An investigation into bed blocking has found that the trust which runs Lincolnshire’s hospitals is not meeting an internationally recognised level advised for safety.
The research has been carried out by the BBC which found that United Lincolnshire Hospitals Trust had regularly gone above the advised 85 per cent target for bed occupancy during the winter period - with trust bosses admitting they were expecting the figure to be about 92 per cent, or more.
The figures are part of a series of investigations the BBC and found that nationally 137 out of 152 hospital trusts have been above that level since December 1 to January 22.
Chief operating officer for ULHT Mark Brassington said: “There isn’t a national target for bed occupancy. Eighty-five per cent would be the ideal with 92 per cent being an expected figure and this will often be higher during winter when demand for services increases.

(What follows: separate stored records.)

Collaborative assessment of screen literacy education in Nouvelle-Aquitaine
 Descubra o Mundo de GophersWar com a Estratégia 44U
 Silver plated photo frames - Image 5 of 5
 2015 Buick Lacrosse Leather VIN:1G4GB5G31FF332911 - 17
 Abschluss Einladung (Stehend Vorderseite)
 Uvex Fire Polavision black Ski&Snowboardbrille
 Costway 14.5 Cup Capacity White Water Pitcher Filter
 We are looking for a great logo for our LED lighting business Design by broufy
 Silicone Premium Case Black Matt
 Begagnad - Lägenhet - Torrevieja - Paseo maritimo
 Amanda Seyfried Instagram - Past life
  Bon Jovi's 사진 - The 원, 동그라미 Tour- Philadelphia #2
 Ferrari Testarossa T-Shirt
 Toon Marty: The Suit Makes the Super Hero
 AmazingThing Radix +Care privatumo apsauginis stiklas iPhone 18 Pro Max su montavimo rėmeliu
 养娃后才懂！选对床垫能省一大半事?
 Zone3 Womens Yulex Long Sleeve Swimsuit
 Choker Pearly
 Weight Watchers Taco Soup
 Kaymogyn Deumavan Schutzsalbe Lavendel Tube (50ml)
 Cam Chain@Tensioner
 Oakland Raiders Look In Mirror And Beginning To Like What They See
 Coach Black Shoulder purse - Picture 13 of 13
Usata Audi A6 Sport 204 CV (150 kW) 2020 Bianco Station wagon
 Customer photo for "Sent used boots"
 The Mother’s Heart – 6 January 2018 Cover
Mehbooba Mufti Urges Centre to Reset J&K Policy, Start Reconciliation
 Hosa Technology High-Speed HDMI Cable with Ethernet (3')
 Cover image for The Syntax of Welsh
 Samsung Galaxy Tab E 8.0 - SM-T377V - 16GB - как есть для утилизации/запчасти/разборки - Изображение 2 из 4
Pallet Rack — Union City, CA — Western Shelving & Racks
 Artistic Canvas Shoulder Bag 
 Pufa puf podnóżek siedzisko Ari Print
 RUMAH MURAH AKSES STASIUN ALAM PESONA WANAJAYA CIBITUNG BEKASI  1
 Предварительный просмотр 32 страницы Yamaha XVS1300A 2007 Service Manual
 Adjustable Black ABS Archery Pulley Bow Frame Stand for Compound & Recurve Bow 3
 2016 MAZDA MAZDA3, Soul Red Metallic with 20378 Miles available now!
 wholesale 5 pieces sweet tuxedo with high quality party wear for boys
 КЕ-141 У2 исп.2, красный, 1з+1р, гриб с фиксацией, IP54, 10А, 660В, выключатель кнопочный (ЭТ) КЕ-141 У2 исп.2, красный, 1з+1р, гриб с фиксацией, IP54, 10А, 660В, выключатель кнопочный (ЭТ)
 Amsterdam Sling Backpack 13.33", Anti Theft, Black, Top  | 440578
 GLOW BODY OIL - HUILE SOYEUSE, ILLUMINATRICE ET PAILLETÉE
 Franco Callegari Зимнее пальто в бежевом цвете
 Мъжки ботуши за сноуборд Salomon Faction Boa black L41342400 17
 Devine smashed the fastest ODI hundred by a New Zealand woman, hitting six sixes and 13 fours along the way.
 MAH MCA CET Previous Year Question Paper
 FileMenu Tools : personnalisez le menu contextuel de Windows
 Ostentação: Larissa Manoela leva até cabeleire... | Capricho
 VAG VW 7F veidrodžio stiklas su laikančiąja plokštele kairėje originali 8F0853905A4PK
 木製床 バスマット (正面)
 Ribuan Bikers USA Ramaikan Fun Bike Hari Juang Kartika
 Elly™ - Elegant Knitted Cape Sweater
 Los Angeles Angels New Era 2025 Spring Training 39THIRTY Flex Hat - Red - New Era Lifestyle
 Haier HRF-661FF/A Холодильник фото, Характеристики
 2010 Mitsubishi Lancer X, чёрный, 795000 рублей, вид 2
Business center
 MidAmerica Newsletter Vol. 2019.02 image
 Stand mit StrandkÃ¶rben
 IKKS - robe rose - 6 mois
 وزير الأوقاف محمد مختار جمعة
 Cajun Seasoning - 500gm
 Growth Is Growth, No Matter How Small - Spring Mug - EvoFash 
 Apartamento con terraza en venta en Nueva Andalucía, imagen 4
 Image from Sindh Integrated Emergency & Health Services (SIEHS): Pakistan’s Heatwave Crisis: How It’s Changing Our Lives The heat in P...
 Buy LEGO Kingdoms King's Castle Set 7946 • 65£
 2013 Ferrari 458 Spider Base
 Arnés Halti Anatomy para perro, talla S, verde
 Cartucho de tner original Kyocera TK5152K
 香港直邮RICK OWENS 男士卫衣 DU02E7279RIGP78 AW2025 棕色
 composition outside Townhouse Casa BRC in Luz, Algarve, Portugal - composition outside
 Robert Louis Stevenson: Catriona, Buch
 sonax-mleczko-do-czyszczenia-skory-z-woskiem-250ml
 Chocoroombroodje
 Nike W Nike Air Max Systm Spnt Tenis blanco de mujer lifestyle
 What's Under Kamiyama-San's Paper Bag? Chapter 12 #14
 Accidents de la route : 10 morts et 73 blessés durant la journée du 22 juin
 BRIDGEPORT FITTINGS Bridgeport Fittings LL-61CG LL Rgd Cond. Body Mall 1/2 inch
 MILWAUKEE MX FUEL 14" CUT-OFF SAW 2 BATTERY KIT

“Over the last few months, we’ve seen a significant rise in demand on all of our hospitals and a delay in discharging patients at a time where we have a shortage of staff. The quality and safety of patient care is the Trust’s number one priority, and during busy times we always prioritise the sickest patients to ensure appropriate care is given.”
The 85 per cent mark is a baseline for safety, and health professionals have said that the more occupied a hospital is the higher the risk of infections and the less they are able to deal with major on-the-day emergencies.